Your role on the campus and in ministry will change over the years; what will not change is your spouse.
You must give your spouse not just some energy or good energy but your best energy.
Recognize that the students on campus are not the most important relationships you have. Your spouse is the most important relationship you have.
Some of you may be thinking, “My spouse understands. They are as committed to the campus as I am.” That doesn’t matter. A healthy minister will prioritize family first.
Two people with the same unhealthy priorities are not any less unhealthy.
Students Need You to Win at Home
Students are desperate to know that life in Christ actually works.
While you are helping them have quiet times, share their faith and make disciples, they also need you to show them that 5-10 years in the future it will be possible for them to be a man or woman of faith who is winning in life.
You are passing on more than spiritual disciplines; you are transferring character and life skills as well.
Too many students come from broken homes and don’t know anyone older than about 25 who is living for Christ in a way they would want to model. You need to be that model.
Model love to them. Model sacrifice to them. Model true priorities to them.
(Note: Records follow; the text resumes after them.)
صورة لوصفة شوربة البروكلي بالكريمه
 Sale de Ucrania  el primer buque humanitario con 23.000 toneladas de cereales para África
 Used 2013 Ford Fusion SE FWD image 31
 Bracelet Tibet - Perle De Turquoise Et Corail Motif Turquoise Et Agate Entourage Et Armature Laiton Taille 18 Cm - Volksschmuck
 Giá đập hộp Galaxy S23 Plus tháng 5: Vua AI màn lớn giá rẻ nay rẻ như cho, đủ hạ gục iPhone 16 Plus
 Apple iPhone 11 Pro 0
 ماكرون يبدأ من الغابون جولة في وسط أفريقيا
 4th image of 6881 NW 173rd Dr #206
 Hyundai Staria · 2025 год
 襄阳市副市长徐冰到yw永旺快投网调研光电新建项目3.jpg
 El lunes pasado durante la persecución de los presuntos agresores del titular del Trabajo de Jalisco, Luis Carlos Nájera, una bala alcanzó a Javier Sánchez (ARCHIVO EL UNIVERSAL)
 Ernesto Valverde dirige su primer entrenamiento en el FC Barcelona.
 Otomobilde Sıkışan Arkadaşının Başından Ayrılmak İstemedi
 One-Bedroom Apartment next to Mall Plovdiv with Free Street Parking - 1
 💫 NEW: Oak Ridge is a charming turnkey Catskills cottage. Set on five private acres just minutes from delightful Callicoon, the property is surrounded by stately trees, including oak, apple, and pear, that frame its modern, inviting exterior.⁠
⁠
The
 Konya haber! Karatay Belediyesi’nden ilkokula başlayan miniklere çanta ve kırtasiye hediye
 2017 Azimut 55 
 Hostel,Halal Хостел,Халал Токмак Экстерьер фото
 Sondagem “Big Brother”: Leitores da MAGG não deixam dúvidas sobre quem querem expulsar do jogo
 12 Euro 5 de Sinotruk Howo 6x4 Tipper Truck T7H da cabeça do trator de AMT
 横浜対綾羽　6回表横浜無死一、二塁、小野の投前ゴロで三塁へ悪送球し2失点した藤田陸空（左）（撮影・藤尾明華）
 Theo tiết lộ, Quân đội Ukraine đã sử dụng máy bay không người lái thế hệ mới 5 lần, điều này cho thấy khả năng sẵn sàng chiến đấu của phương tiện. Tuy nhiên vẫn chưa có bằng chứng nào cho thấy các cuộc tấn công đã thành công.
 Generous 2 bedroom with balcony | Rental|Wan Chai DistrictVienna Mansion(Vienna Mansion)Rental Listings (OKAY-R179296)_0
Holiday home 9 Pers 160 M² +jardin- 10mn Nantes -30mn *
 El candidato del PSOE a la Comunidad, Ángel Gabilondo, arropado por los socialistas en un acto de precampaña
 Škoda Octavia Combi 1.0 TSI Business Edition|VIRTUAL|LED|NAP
Show them that God is first in your life, your family is second, and your job is after that. Those are healthy priorities.
Many of the students in your ministry will graduate into the business world. Would you recommend your family/life balance to someone in the workplace? If not, you need to change.
The fact that your job is reaching students doesn’t make an unhealthy work/family balance okay.
Submit to One Another
In Ephesians 5:21, Paul introduces his incredible passage about relationships.
He begins by telling all of us to submit to one another. In marriage this means we need to give up what we want in order to give our spouse what he or she needs.
In verse 33 Paul says that a husband must love his wife, and a wife must respect her husband. A wife feels loved by her husband when she feels secure and cherished.
There is a lot to be said here, but for the sake of this conversation, let’s focus on this: a wife needs to know that apart from God, there is nothing more important to her husband than her.
Your current mission assignment to the campus is not more important, even though it is from God.
Your spouse is also given to you by God, and this kind of sacrificial love is what God requires from a husband.
A husband defines respect in terms of honor and sexual responsiveness.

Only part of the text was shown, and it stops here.